What makes you say the long beam was under-powered? How far did the long beam throw and please more detail on why you think the vertical angle between the two beam patterns was not good. Was the flood pattern too wide?


----------



## ledoman (Apr 17, 2012)

SS X5 High beam pulled only 0.09, 0.22, 0.40A (Lo, Mid Hi) from fully charged battery while low beam 0.13, 0.35, 0.63A and both on full only 1.09A. To get decent beam far away you need more power than for beam near. It might be the assemly was wrong. Still both are pretty weak.
As for angles, gap can be seen between low and high beam. I would love to see smoth transition from one beam to another. Maybe this is just because long beam is underpowered and can't cover the distance while you have plenty of light in near front.
It's not good enough for MTB but it could be pretty good commuting light since you can operate each led with one switch and you can instantly switch off long beam when car is aproaching. User interface is somewhat wierd. With short press you operate one led and with long press the other. You need to get used on.


----------



## Alfred IV (Dec 12, 2015)

Hi, 
I just received complaints about cars this night after 3 months with a chinese CREE T6 Magishine clone, as half of my ride is on a bike lane near cars. I don't want to dazzle approaching traffic, and my light was properly fitted but it's made without cutout or reflector in the optics. Have you something to help me? Like, another light that I could fine on EBay, Amazon... ? Or just a mirror with cutout? 
I'm running with a 10 000 mAh ANker USB powerbank.


----------



## tigris99 (Aug 26, 2012)

Point it down more helps alot, just something you have to do when riding near traffic, and dont run it on high either. There isnt much that will run on a USB power bank and even less that have the cut off. Yet to see one with a cut off and USB power bank capable. Cheap chinese lights they dont take into account things like that for commuting, actually none do, you have to buy dedicated commuting style light with the cut off.
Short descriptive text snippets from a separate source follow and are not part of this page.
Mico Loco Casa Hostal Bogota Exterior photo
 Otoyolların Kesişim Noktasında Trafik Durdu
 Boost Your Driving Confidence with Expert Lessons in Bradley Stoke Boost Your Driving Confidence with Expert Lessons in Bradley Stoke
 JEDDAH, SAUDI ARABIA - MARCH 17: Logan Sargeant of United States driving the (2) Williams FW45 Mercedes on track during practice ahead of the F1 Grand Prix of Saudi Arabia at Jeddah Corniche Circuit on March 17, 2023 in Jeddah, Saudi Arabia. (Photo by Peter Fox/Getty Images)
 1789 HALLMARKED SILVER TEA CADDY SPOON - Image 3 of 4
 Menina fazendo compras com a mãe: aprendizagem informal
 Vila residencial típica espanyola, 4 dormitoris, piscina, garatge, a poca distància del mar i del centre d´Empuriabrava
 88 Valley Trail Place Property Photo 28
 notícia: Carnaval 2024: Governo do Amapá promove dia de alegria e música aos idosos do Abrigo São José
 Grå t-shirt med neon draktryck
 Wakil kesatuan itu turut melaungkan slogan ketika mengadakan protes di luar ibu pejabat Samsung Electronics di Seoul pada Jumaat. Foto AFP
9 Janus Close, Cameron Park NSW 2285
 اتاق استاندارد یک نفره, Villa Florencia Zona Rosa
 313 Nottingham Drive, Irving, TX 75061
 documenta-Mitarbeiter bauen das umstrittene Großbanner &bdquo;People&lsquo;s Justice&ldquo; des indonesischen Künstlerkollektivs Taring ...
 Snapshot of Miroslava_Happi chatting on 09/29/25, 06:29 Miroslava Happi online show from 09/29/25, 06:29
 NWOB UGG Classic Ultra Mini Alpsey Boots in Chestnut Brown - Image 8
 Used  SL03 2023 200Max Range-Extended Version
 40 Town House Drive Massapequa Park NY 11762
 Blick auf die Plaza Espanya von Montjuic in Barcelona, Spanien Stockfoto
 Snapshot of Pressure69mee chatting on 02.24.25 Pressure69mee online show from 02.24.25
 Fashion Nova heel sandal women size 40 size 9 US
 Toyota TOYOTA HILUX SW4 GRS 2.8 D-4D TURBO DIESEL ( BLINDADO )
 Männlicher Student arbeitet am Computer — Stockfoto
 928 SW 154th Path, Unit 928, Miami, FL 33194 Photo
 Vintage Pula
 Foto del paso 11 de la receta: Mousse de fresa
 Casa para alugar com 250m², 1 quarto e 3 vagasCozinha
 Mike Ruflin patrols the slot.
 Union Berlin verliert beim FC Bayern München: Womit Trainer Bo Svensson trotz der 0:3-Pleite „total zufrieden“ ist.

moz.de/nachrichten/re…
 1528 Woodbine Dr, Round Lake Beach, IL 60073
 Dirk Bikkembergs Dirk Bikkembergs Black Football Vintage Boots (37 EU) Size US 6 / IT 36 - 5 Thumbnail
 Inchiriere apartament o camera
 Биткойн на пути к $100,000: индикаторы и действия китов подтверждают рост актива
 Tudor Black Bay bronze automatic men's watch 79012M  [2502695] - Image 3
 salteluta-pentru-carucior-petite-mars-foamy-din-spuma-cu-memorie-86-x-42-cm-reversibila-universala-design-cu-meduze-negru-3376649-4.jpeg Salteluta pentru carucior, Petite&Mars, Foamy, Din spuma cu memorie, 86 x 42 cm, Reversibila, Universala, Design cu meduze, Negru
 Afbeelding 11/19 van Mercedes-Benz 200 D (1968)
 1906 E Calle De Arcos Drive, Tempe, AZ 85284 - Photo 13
Simple solution is like I said, point it down more, use lower levels. Also can use a piece of plastic and a large zip tie to create a quick and cheap cut off.


----------



## Alfred IV (Dec 12, 2015)

Thank you!
I'm going to try this. Yep, in fact, that's pretty annoying because i'm riding only on road... Some of 'em are closed to cars but sometimes it's a big problem


----------



## dr.welby (Jan 6, 2004)

There was a cheap Chinese light discussed here a while back:

Richfire sf-619

It looks like it has cutoff style optics, but I don't think anyone here has tried one yet. Otherwise if you want cutoff optics for commuting you should look at the German lights like the B&M Ixon.


----------



## dirtdawg21892 (Jul 20, 2009)

dr.welby said:


> Richfire sf-619


I totally read "RiceFire"


----------



## rsilvers (Aug 23, 2015)

What is the deal on this light?

SecurityIng 3 Modes Waterproof 2300LM 2X XM L U2 LED Bicycle Light& 8.4V 4400mAh Rechargeable Li ion Battery Pack& Charger-in Bicycle Light from Sports & Entertainment on Aliexpress.com | Alibaba Group


----------



## tigris99 (Aug 26, 2012)

We have been trying to tell everyone to avoid securitying. That's a kd2 case with total crap internals(I owned that one, its in the trash now after fighting to mod it into something decent). Its available in amazon. Up side is that it was the light that got me started into learning and modding lights again lol.


----------



## 007 (Jun 16, 2005)

I'll just leave this here: A Cheap Chinese Bike Light Nearly Burned Down this Rider?s House | Singletracks Mountain Bike News


----------



## tigris99 (Aug 26, 2012)

This is why we keep telling people to STOP relying on the cheap packs. But to many ppl dont want to spend money and think that they are fine.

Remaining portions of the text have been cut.